Ne pas jeter le bébé avec l'eau du bain

Bien entendu, toutes les nouveautés ne sont pas non plus mauvaises. 

L’apport du marketing dans le recrutement, que ce soit dans la rédaction d’annonce, ou dans la posture “candidat centric” (entre autres) nous a par exemple permis de réinventer les pratiques et redécouvrir des sujets sous un autre angle. 

Et changer sa posture, c’est déjà innover.

De la même façon, les outils (ATS en tête) nous font gagner un temps considérable et il ne serait plus envisageable de revenir en arrière. 

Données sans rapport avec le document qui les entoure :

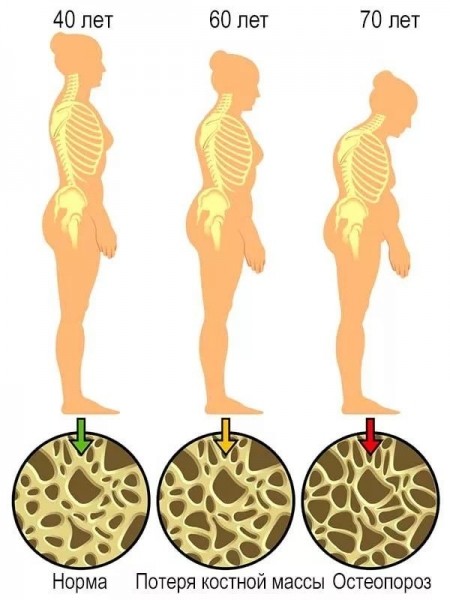 Что такое остеопороз, симптомы и причины болезни костей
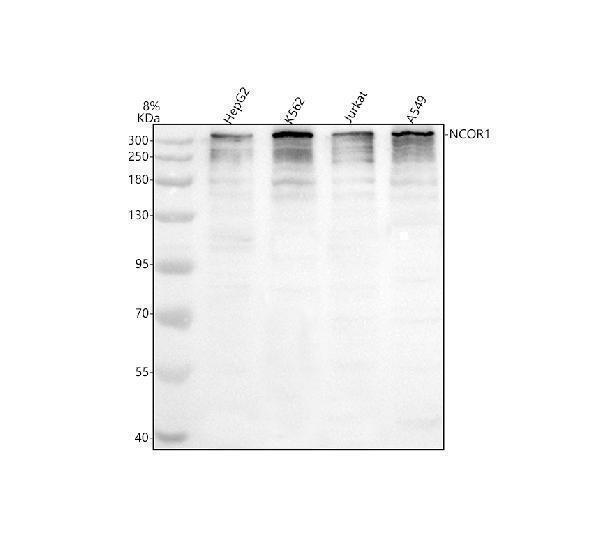 Western blot analysis of NCOR1 using anti-NCOR1 antibody (A01304-2)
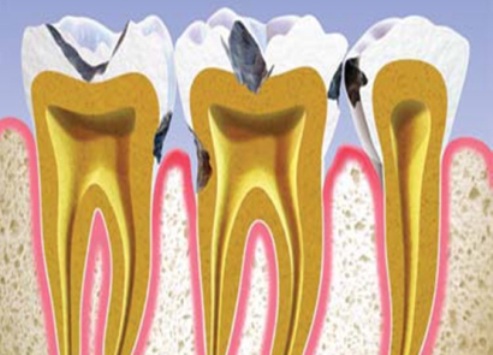 استرس احتمال پوسیدگی دندان را افزایش می‌دهد
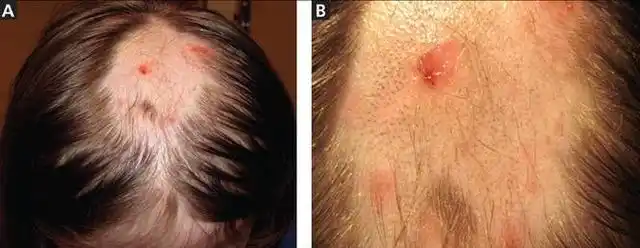 儿童拔毛癖一例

L’idée n’est donc pas de résister au changement, car cela ne l’empêche de toute façon pas de se produire, mais de savoir prendre du recul sur toutes les nouveautés, Bon, et comment on fait alors ?

Méthode

L’idée n’est bien entendu pas de se fermer à la nouveauté, mais plutôt de surfer intelligemment sur les vagues de l’innovation. 

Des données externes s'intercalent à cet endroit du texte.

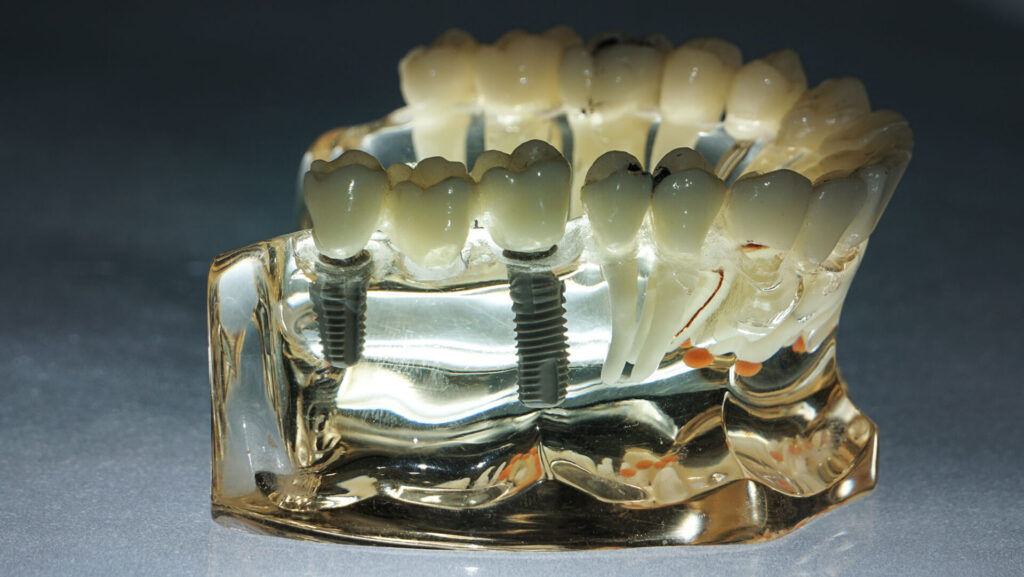 dental-implants1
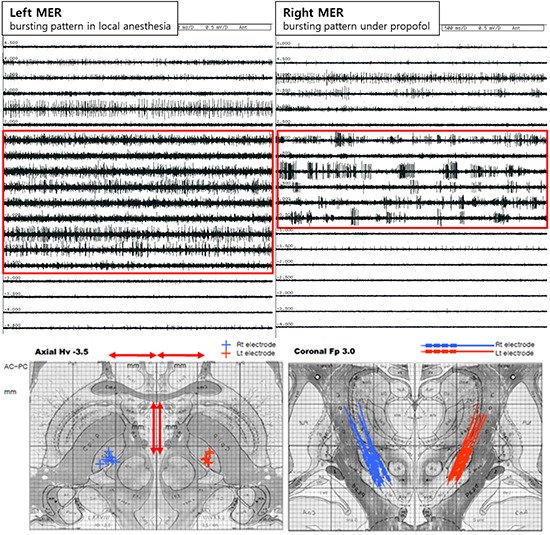 graphic file with name jkms-29-1278-ab001.jpg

Voici mes conseils pour y voir plus clair : 

may the process be with you
  • Reste ouvert aux tendances et aux signaux faibles, mais prends du recul Organise une veille afin de rester toujours au courant des évolutions dans le secteur du recrutement. 
    Mon conseil ? Crée une adresse mail spécifique pour recevoir tous ces contenus et consacre 10 minutes par jour à la lecture. Cela t’évitera de te disperser.
  • Analyse s’il s’agit d’une véritable innovation ou d’un effet de mode 
    Parfois, ce qui est présenté comme innovant n’est en fait qu’un soufflé qui va retomber aussi vite qu’il est monté. Parfois, c’est une invention qui change en profondeur la manière d’aborder le métier. 
    Pour que l'innovation soit réussie, elle doit servir la vision, et pas la dicter. Ce doit être un asset stratégique, mais pas un écran de fumée. La durabilité d’une solution est un bon axe de sélection.
  • Détecte si ce nouvel outil est vraiment utile à TA situation
    Toutes les entreprises, et tous les recruteurs, n’ont pas les mêmes besoins au même moment.
    C’est important que tu analyses la maturité de ton entreprise sur le sujet, mais aussi celle de ta propre pratique. 
    L’innovation doit avant tout être écologique, c’est-à-dire respecter l‘intégrité (ici, identité de l’entreprise et du recruteur) et les ressources (temps, argent, énergies, compétences).
  • Comprends si cela va t’aider à progresser dans ta pratique de recruteur 
    Mesurer l’efficacité d’une nouvelle méthode est un bon moyen pour en comprendre l’application concrète. Pour chaque nouveauté que tu aimerais essayer, détermine d’abord quels problèmes elle est censée résoudre, comment tu sauras concrètement que cela a été efficace (les indicateurs) et en combien de temps tu espères un résultat.
    Pilote ensuite régulièrement.
  • N’oublie pas les vrais sujets 
    La course à la nouveauté ne doit pas être une fuite en avant pour éviter d’adresser des sujets, certes moins sexy, mais stratégiques pour ton développement…

Fort sur ses appuis

Être puissant sur nos compétences de cœur, c’est fondamental. 

Cela veut dire :

  • Être solide sur son processus : Il est essentiel de disposer d'un processus de recrutement bien défini, clair et cohérent. 
  • Rédiger des annonces efficaces 
  • Être affûté sur ses techniques d’entretien: afin de garantir une évaluation rigoureuse des candidats, en évitant les biais cognitifs.
  • Améliorer sa communication: pour développer sa posture face au client et au candidat 
  • Maîtriser ses KPIs : Utiliser des indicateurs clés de performance pour mesurer l'efficacité des activités de recrutement et identifier les domaines d'amélioration. 
  • Avoir une organisation au cordeau : et apprendre à jongler entre plusieurs postes, plusieurs clients et des centaines de candidats sans s’épuiser 
  • Savoir collaborer : Assurer un travail efficace entre les différentes équipes impliquées dans le recrutement, en favorisant la communication et la coordination.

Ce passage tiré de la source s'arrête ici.